A Praça Pública denominar-se-á Praça D. Afonso IV.
Mantêm as designações as ruas da Conceição, Misericórdia e Olaria Velha e as Travessas da Igreja, Conceição e da Cadeia, Largos do Castelo e da Igreja e a Praça de Sto. António.
[Rua D. Sancho II, 2010. Foto JV]
Aparece também a designação rústica de Fonte Primeira hoje desaparecida com a praia fluvial.
Apesar das alterações oficiais sofridas é frequente o aparecimento em documentação diversa de nomes antigos e tradicionais, como acontece com a Rua do Quebra-Costas onde Joaquim José Delicioso está fazendo um prédio. (Sessão de 23.06.1883).
Em 1886 um Edital de 11 de Março faz público que a Câmara deliberou chamar à Rua do Quebra Costas, Rua Nova, à do Esteiro, Rua das Alegrias (?) e à da Olaria Velha, Rua do Sol.
Em 1894 continuam a aparecer as designações de Rua Direita e Rua do Poço dos Lagares.
Com a implantação da República procedeu-se à actualização toponímica (8). Assim, a Praça D. Afonso IV passou a denominar-se Praça da República o que ainda se mantém, a Rua D. Luiz I tomou o nome de Miguel Bombarda, a de D. Maria Pia, Marquês de Pombal e a Rua Conselheiro José de Beires, Rua Teófilo Braga.
[Rua de Nª Sª da Conceição. Foto JV, 2010]
Em 1928 a Rua de Sto. António passa a chamar-se de João de Deus por proposta de Guerreiro Gascon.

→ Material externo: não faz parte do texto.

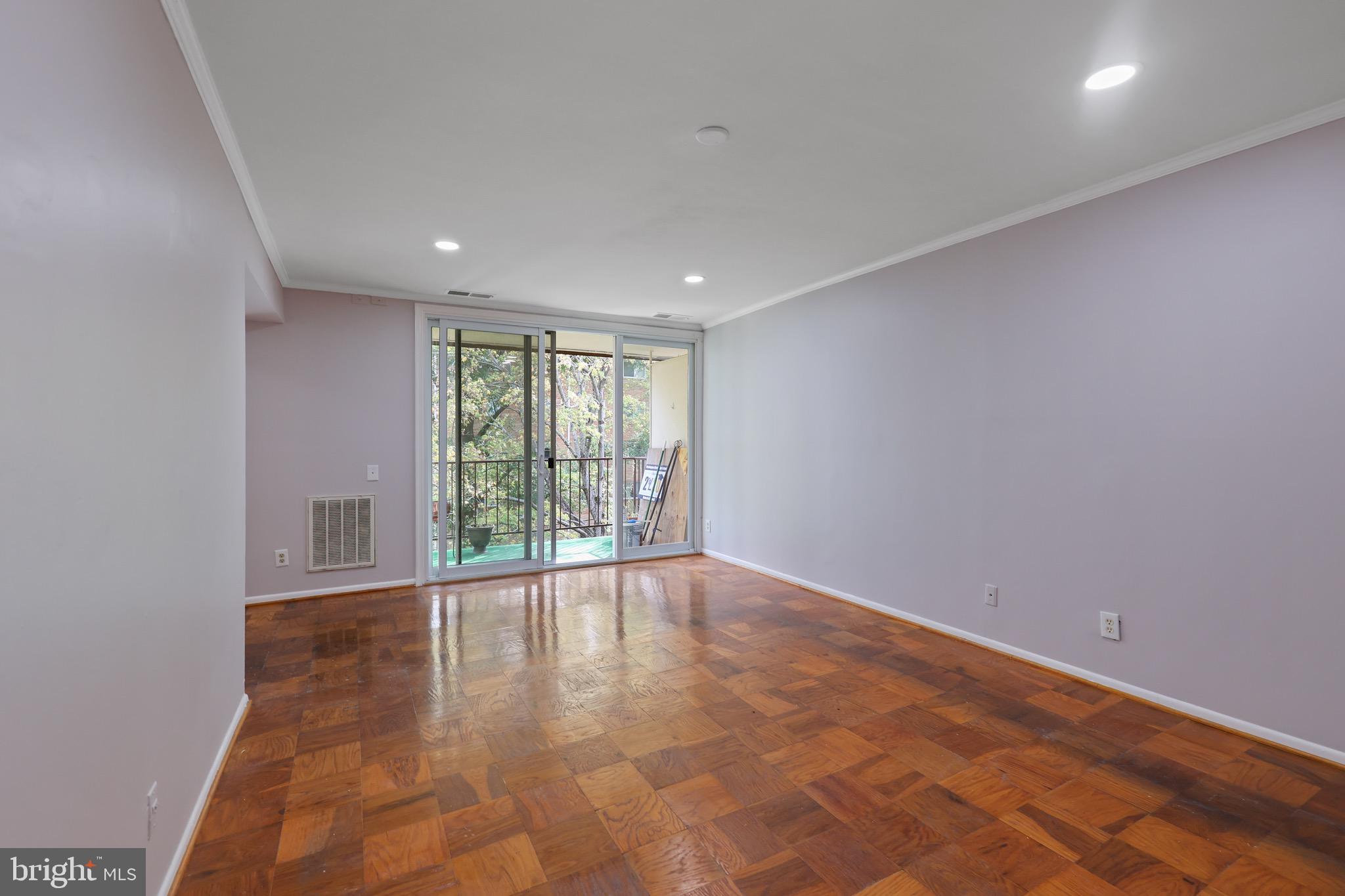 5050 7th Road South, Unit 301 Arlington, VA 22204 - Photo 5 of 20 a view of an empty room with wooden floor and a window
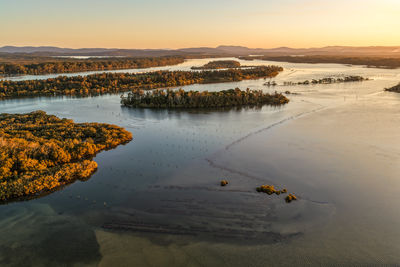 Scenic view of lake against sky during sunset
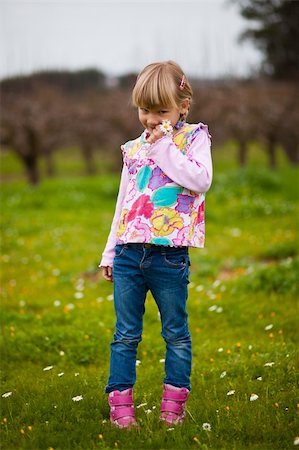 simsearch:400-06768635,k - Cute little girl standing on a green field with flowers Foto de stock - Royalty-Free Super Valor e Assinatura, Número: 400-05890705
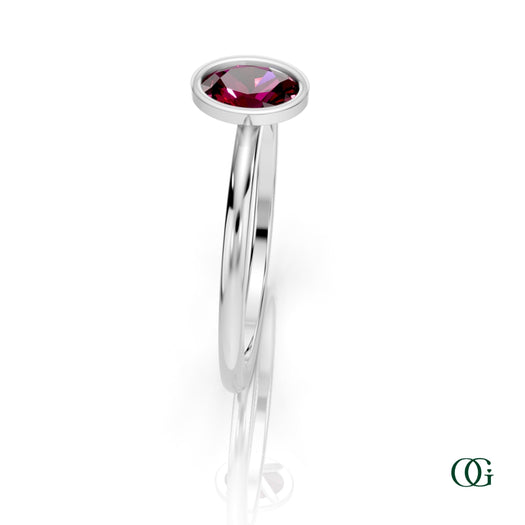 W| A white gold ring featuring an oval garnet birthstone for January
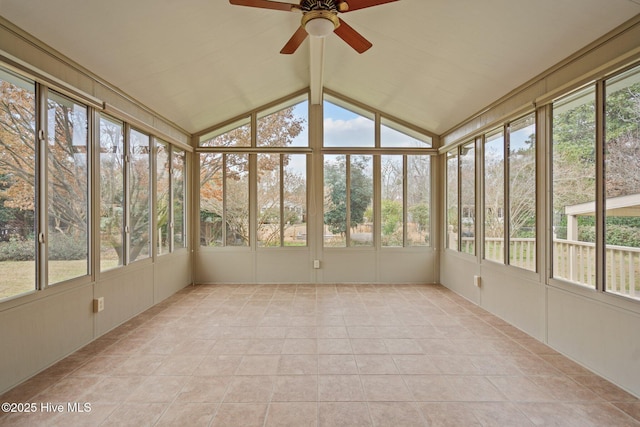 unfurnished sunroom with a wealth of natural light, vaulted ceiling, and ceiling fan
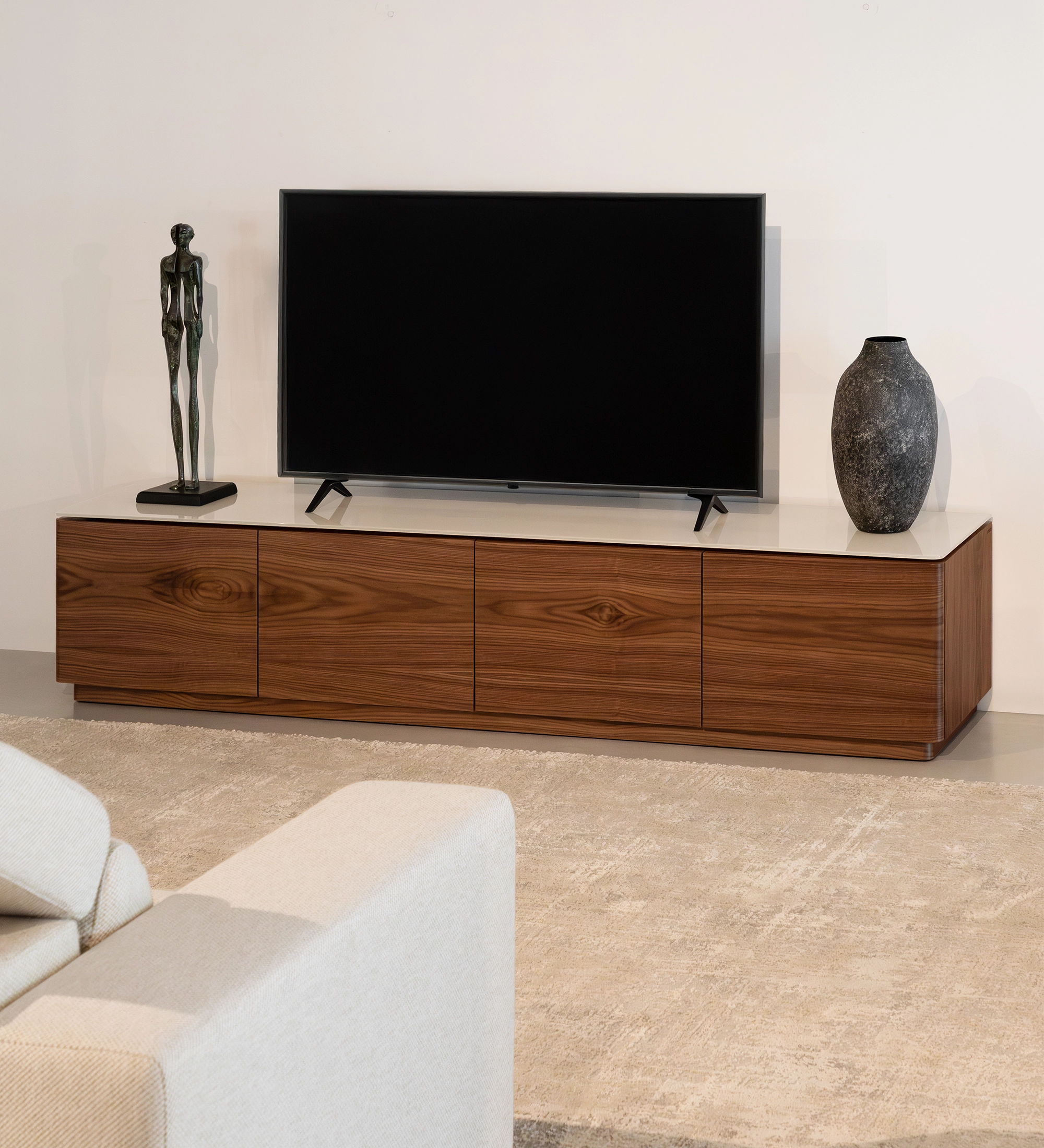 Móvel TV Geneve em madeira com televisão e esculturas decorativas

Além dos nomes já referidos, a matriz predial urbana (1934?) referia as ruas do Cemitério, do Poço Novo, Boa Vista, das Flores, do Quartel e do Esteiro.
A actualização toponímica volta a ser feita em 1950, aparecendo então e novamente Rua Portas de Mértola, substituindo assim a Rua da Corredoura, de D. Sancho II, das Portas do Rio, Oliveira Salazar, Av. Duarte Pacheco, do Município, D. Fernando, Pedro Nunes, Nuno Álvares Pereira, Marechal Carmona e Travessa Portas do Rio. Foi, naturalmente, a actualização feita pelos homens do Estado Novo que foram recuperar alguns nomes históricos e introduziram os dos seus ídolos, como Salazar, Carmona e não se esquecendo do algarvio Duarte Pacheco.
[Rua Nuno Álvares Pereira (antiga Rua do Quebra-Costas). Foto JV, 2010]
Após o falecimento do Dr. João Francisco Dias é dado o seu nome à que tinha de Miguel Bombarda e em 1984 é homenageado o Prof. Trindade e Lima figurando o seu nome numa das ruas da vila.
A placa toponímica que ostentava o nome de Oliveira Salazar foi substituída por 25 de Abril, logo após aquela Revolução.
NOTAS
(1) - Acta da Sessão da C.M.A. de 23 de Março de 1849.
(2) - Livro das Rendas dos Prédios e Juros Pertencentes à Fazenda Nacional, termo de abertura de 13 de Março de 1867.
[Rua Trindade e Lima. Foto JV]
(3) - Of. nº75 de 10 de Novembro de 1876.
(4) - Of. nº 148, de 12 de Setembro de 1877
(5) - Of. nº123 de 18 de Setembro de 1880.
(6) - Acta da Sessão da C.M.A. de 28 de Dezembro de 1882.
(7) - Foi por duas vezes Governador Civil do Distrito de Faro, de 1869-1870 e de 1871 a 1877.
(8) - "Coisas Alcoutenejas - A Implantação da República" ,José Varzeano, Magazine do Jornal do Algarve de 27 de Julho de 1995.
Pequena nota
Este texto foi extraído da 2ª Edição de Alcoutim, Capital do Nordeste Algarvio (subsídios para uma monografia), em preparação, não se encontrando actualizado com as últimas designações que comportam principalmente a parte nova da vila.